A single site-wide bounce rate hides where you're actually losing people. Cohort Bounce breaks bounce down two ways at once — by landing page and by acquisition cohort (channel or device) — so "42% bounce" becomes "paid traffic to /pricing bounces at 85%, but organic bounces at 9%".
Where to find it
Open a website, go to the Retention tab, and switch the top toggle from Retention / LTV to Bounce. It's part of the Retention tab, so it needs a Pro plan or higher. It does not appear on public shared dashboards.
Anatomy of the grid
- Rows — your top 20 landing pages by sessions for the selected date range (the first page of each session).
- Columns — the cohort: traffic channel (Direct, Organic, Paid, Social, Referral, …) or device (Desktop, Mobile, Tablet, …). Use the Channel / Device toggle in the card header. Up to 9 columns, ordered by volume.
- Cells — the bounce rate for that page × cohort pair. Colour scales with bounce (pale → deep red; legend at the bottom). An
n/achip means there were no sessions for that pair.
Hover any cell to see its session count, bounce %, and (in the card footer) how far that rate sits from the page's own average.
What a "bounce" is here
A bounce is a single-page session — one pageview, no second navigation. This is the same definition the Pages table uses, so the numbers reconcile: a page's overall bounce equals its Cohort Bounce row combined across cohorts.
Biggest bounce leaks
The right-hand Biggest bounce leaks rail ranks the worst page × cohort pairs so you don't have to scan the grid. It only lists pairs with at least 5 sessions — a single-session "100%" is noise, not a leak, and surfacing it would erode trust in the list. Click any leak to jump straight to those sessions.
Acting on it
Find the deep-red outliers
Scan for cells far darker than the rest of their row. A page that's pale for organic but deep red for paid means the paid landing experience (ad copy ↔ page mismatch, slow load, wrong offer) — not the page itself — is the problem.
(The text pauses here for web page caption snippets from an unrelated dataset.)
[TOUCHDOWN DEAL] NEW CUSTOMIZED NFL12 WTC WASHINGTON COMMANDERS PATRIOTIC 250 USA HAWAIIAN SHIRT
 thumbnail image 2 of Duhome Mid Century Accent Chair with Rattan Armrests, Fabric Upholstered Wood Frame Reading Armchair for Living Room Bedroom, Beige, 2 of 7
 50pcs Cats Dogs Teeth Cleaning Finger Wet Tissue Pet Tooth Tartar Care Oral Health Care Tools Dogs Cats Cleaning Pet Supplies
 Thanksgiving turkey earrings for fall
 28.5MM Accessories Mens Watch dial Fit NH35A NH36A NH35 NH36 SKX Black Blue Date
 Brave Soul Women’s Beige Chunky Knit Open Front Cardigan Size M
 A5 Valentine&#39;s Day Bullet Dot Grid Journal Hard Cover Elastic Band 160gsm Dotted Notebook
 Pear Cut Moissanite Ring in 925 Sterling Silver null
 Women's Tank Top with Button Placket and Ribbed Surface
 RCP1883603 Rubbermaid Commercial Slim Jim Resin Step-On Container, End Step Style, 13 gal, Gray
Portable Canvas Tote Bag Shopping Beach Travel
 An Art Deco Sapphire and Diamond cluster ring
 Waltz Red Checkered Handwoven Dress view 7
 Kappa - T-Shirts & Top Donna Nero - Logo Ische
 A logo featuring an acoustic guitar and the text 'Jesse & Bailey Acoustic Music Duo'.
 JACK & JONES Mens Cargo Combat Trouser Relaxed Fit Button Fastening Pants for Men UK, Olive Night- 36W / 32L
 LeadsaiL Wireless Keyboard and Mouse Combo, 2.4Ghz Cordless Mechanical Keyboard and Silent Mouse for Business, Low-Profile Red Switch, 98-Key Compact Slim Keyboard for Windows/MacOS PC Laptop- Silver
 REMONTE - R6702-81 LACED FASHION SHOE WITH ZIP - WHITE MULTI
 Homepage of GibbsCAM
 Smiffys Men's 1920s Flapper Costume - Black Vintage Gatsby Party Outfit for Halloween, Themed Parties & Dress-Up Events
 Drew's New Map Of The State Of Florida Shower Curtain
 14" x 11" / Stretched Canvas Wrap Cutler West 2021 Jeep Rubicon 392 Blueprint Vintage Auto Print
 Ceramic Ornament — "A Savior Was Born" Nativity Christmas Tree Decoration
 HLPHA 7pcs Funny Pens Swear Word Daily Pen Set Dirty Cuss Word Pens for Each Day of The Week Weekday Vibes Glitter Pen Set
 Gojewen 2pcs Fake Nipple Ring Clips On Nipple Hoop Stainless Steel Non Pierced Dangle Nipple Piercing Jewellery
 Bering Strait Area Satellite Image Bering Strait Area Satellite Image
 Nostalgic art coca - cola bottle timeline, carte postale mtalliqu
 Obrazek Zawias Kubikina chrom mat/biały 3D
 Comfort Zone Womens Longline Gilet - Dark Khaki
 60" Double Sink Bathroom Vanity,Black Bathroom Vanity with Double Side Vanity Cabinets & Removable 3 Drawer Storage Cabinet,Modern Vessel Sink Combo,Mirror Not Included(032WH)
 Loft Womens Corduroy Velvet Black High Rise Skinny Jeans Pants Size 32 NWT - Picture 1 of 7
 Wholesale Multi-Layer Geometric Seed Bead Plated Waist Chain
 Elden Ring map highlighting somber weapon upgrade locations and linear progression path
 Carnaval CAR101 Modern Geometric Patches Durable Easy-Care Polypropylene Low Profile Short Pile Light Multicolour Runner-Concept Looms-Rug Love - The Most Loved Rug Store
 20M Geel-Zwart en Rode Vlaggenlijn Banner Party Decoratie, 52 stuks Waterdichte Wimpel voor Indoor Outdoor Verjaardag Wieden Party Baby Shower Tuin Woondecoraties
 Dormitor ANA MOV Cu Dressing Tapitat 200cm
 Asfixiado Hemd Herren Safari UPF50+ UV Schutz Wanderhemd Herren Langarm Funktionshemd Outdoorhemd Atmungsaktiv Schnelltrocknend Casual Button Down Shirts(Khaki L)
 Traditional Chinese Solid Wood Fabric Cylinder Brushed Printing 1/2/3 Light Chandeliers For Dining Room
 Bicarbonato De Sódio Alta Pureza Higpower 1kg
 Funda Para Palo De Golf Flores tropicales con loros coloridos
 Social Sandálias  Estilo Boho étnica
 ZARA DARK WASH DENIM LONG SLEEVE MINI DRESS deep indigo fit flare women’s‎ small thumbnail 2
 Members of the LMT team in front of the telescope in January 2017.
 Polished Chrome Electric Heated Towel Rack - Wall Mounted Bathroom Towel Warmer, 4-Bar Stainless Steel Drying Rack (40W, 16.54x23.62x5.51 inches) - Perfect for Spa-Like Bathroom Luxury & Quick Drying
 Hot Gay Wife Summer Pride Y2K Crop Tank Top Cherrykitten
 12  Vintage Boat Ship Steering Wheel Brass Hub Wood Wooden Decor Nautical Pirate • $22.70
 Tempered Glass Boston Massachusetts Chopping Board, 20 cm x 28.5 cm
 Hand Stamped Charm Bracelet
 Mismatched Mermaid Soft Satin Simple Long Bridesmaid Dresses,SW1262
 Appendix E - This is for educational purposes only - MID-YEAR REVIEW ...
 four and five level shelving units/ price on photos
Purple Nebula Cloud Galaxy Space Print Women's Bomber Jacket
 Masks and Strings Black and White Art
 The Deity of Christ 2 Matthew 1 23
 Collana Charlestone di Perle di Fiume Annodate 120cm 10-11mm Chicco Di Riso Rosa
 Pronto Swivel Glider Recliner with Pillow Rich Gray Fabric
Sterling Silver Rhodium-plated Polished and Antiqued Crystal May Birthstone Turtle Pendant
Use the leaks rail to prioritise
The rail is already ranked by severity and filtered to ≥5 sessions. Start at the top.
Drill into the sessions
Click a cell or a leak. Zenovay applies the landing-page and channel/device filters and switches to the analytics view, pre-filtered to exactly those sessions, so you can see what those visitors did.
Why channel drill-down is labelled "approximate"
Device is exact, channel is approximate
The grid groups by the channel stored on each visitor at collection time. The session filter you land on after a click re-derives channel from UTM tags, referrer, and click-IDs. These two methods agree the large majority of the time but can differ by a few percent, so the grid honestly labels channel drill-down as approximate. Device grouping and drill-down are exact.
Limits
| Limit | Value |
|---|---|
| Landing pages (rows) | Top 20 by sessions |
| Cohort columns | Up to 9, by volume |
| Leaks rail minimum | 5 sessions per pair |
| Plan | Pro and above (part of Retention) |
Lower-traffic pages and rarer cohorts fall below the cut so the grid stays legible and fast. Pick a longer date range to pull more pages into the top 20.